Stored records
--- START ---

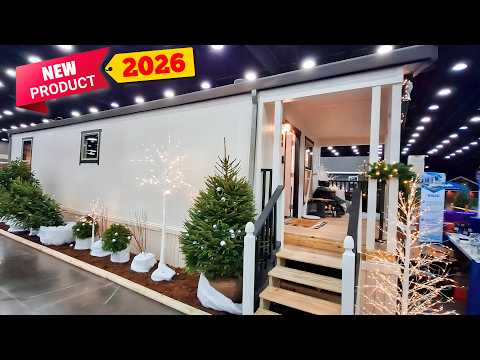 Brand new model for 2026 may be just what the inlaws need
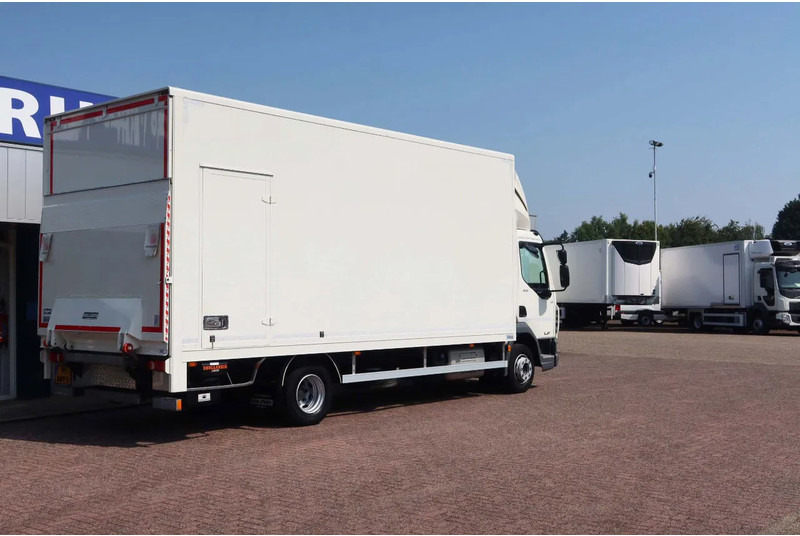DAF LF 210 Bakwagen + Dhollandia klep 1500 kg - Umpikori kuorma-auto: kuva DAF LF 210 Bakwagen + Dhollandia klep 1500 kg - Umpikori kuorma-auto DAF LF 210 Bakwagen + Dhollandia klep 1500 kg - Umpikori kuorma-auto: kuva DAF LF 210 Bakwagen + Dhollandia klep 1500 kg - Umpikori kuorma-auto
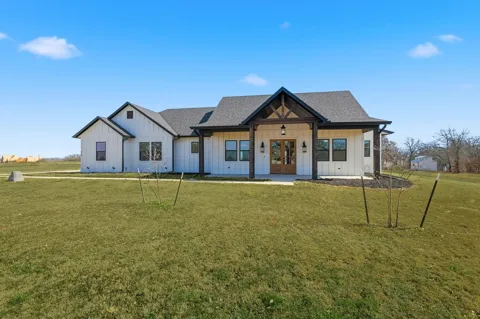 420 Zonaverde Court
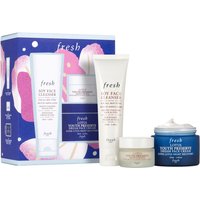 Fresh Lotus Day and Night Skincare Gift Set
Fresh Lotus Day and Night Skincare Gift Set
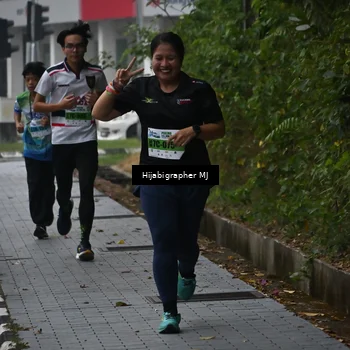 Runner Photo 7282544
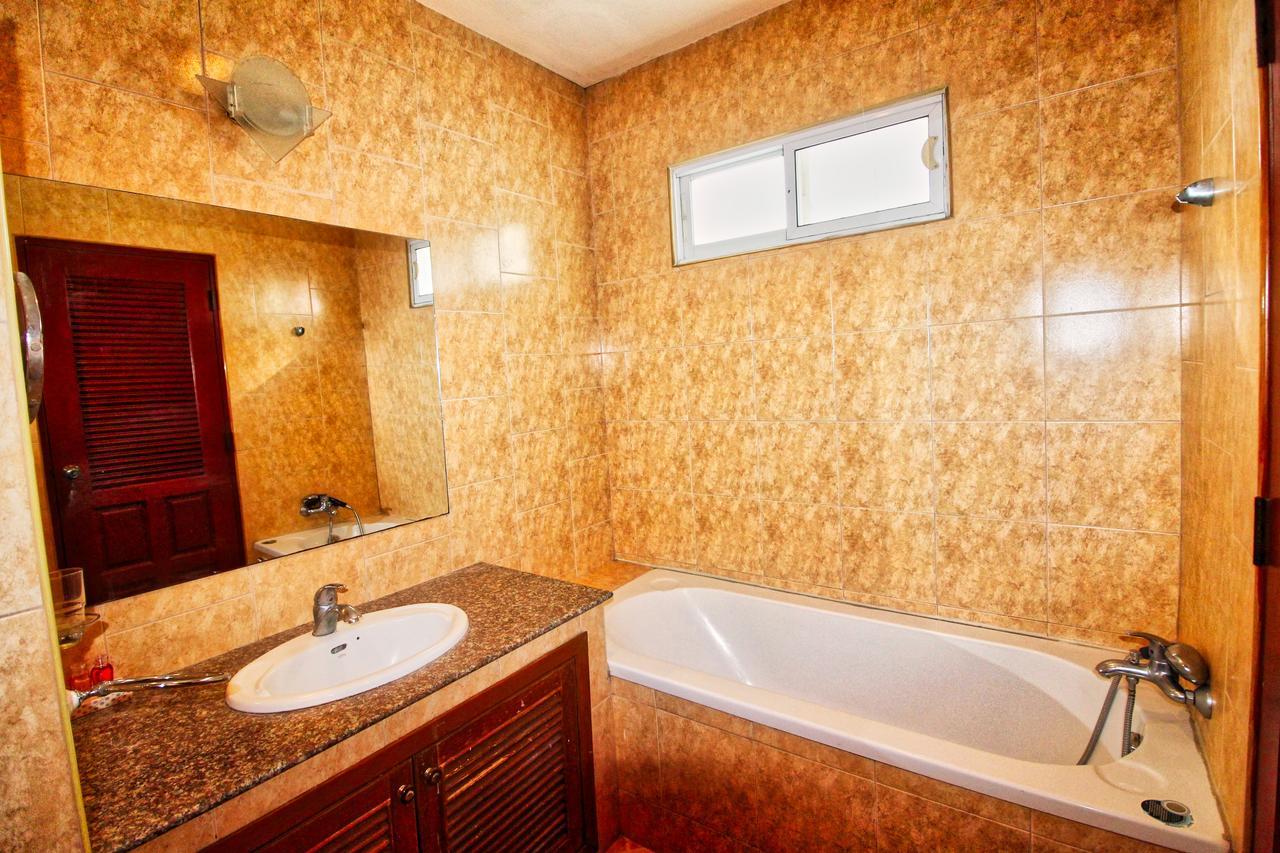 Villa Grande Adam Private Pool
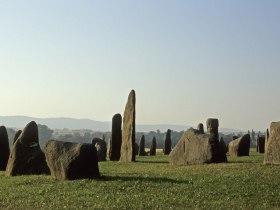 Steinbasilika, © Destination Waldviertel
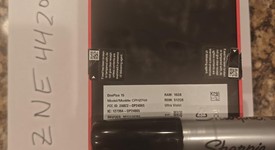 Mint
													OnePlus 15 - Unlocked, Ultra Violet, 512 GB, 16 GB, photo 2 of 8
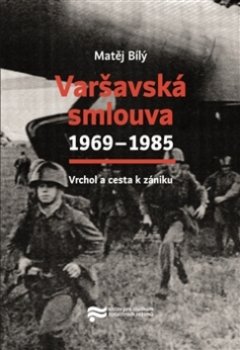 Varšavská smlouva 1969–1985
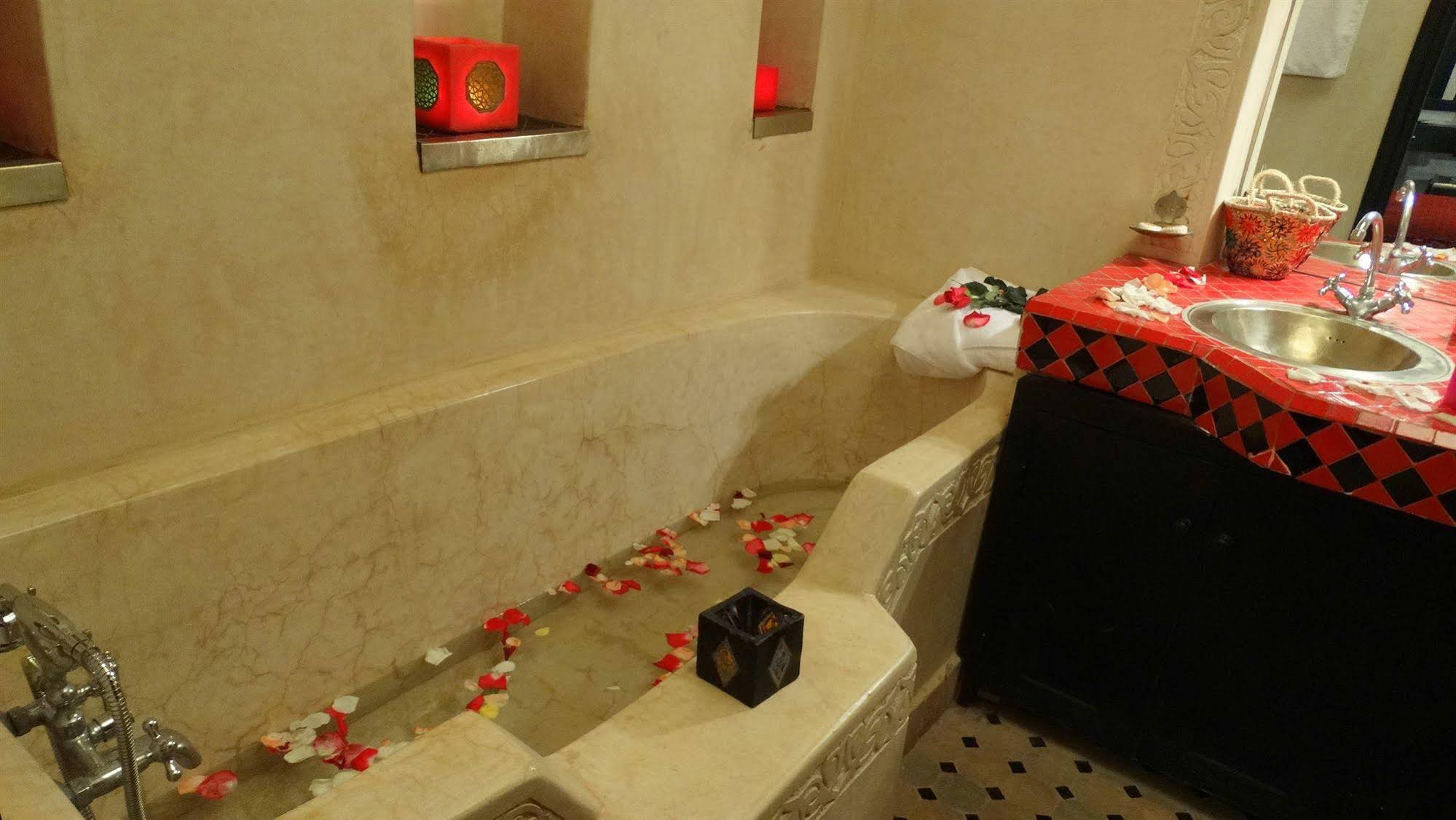 Riad Spa Le Secret De Zoraida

--- END ---

## Your assignment
Copy exactly, please, every line from the one holding "OnePlus 15 - Unlocked, Ultra" through the last line of the data, both ends included, and no pictures.

## Task output
													OnePlus 15 - Unlocked, Ultra Violet, 512 GB, 16 GB, photo 2 of 8
 Varšavská smlouva 1969–1985
 Riad Spa Le Secret De Zoraida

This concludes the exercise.